This article shows you how to connect to Hive running on Microsoft Azure HDInsight by creating Jobs in Talend Studio, publishing them to Talend Cloud, and then running them on the Talend Cloud platform.
In Studio, navigate to Repository > Metadata > Hadoop Cluster, double-click your connection (hdi), then click Next.
In the Update Hadoop Cluster Connection - Step 2/2 window, configure the WebHCat configuration, HDInsight configuration, and Azure Storage configuration details, as shown below.
Click Export as context. Notice that the parameters are prefixed with context. Exporting the connection properties as a context automatically creates a Context Group in the Talend Studio Repository, with a user-defined name for the group. In this instance, the context group created is hdicluster.
Open the hdicluster context group.
Review the list of property names exported as variables, and the values of those properties. Notice the Default heading of the Value column; this is the context used to define the variables.
An advantage of creating context groups is being able to pass different values for context variables, depending on the context environment (Development/Test/Production), while running the Job. Another advantage is that you can use the same context group for different Jobs. For more information on context groups, see Creating the context group and contexts in the Talend Help Center.
Now that you've created the cluster connection metadata and context group, you are ready to create a Standard Job that connects to the Hive table on Azure HDInsight; then you'll run the Job as a task on Talend Cloud platform.
Create a sample Job using the tHiveConnection, tHiveInput, and tLogRow components.
Configure the tHiveConnection component.
Note: The WebHCat configuration, HD Insight configuration, and Windows Azure Storage configuration property values are configured from the context group, hdicluster, you created in the Configuring the Hadoop Cluster Connection section of this article.
Configure the tHiveInput component.
Query Type: select Built-In from the drop-down menu
Note: The Guess Schema button retrieves the schema of the given table name, and uses the Guess Query to create a query from the schema automatically, then adds the query into the Query section.
Use the tLogRow component to print the query output to the console.
Click Run to execute the Job and ensure that it connects successfully.
Before publishing the Job to Talend Cloud, you must configure and verify the connection settings.
Select the Advanced check box, then verify or select the connection URL to the relevant Talend Cloud.
This section shows you how to use the Talend Studio GUI to publish to the cloud. Note that you can automate this process with CI if needed.
In the Repository view, right-click the Job and select Publish to Cloud.
The Publish to Cloud window appears. The Last Cloud Version dialog box is empty unless you previously published the Job with a different version number.
Enter the version of your Job in the Publish with Version field.
Select the workspace where you want to publish the Job from the Workspace pull-down menu.
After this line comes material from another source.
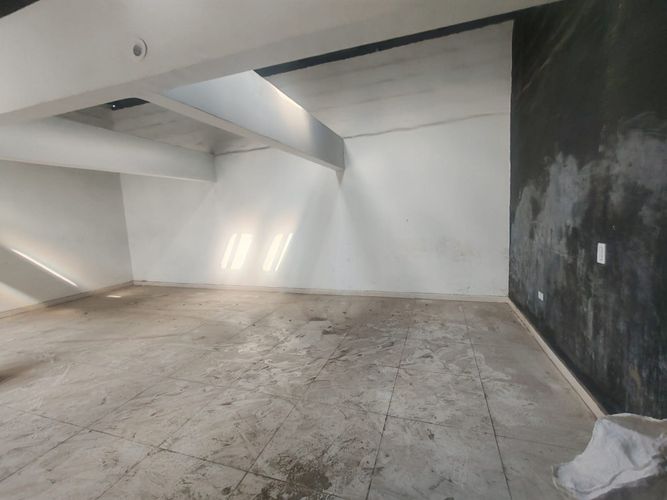 Local en arriendo en Bolivar, Yumbo, 200 m² · foto 2 de 19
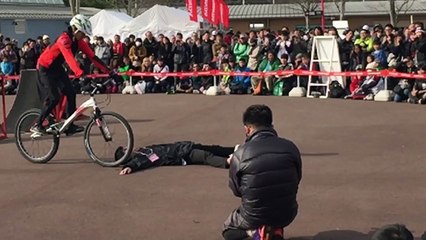 シルク・ドゥ・ソレイユで活躍したプロライダー有薗啓剛のスーパーバイクトライアルショー　2015/10/10 もてぎ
Select the Export Artifact Screenshot and Update corresponding Job task check boxes according to your requirements. If you have published the Job before, an option to update the Job flow appears. For more information on these options, see the Publishing to Talend Cloud page in the Talend Data Fabric Studio User Guide.
Click Finish to publish the Job to Talend Cloud.
To run the Job on Talend Cloud Engine, log in to your Talend Cloud account and go into the Management Console app.
Locate the Job you published, by navigating to Management > Environment > Workspace > Artifacts (choose the same environment and workspace you selected when you published the Job from the Talend Studio).
Click the Artifacts link to see a list of Jobs published as artifacts.
Select the Tasks icon (below the Artifacts link) to view the corresponding task related to the artifact.
Click the task to open the details page. It contains the following information:
Explore the Run History section. In this example, V1 of the Job was run on the Cloud Engine, and V2 of the Job was run on the Remote Engine. For more information on Cloud Engines, Remote Engines, and managing environments, see the Talend Cloud Management Console User Guide, Managing environments page.
Expand each run, then click the View Logs button to view the logs generated for each run.
It is not difficult to leverage Talend Cloud to build ingestion Jobs with Microsoft Azure HDInsight as a target. The most important aspect of building such a Job is to configure the connection details properly, and have the correct port numbers open for the communication to happen between Talend Cloud and Microsoft Azure HDInsight.
If you do not want data to transit through the Talend Cloud Engine, then you can provision a Remote Engine in your own subnet and have Talend Cloud manage the deployment and execution of the Job. The Job then runs on your Remote Engine, and the data is local to your private subnet.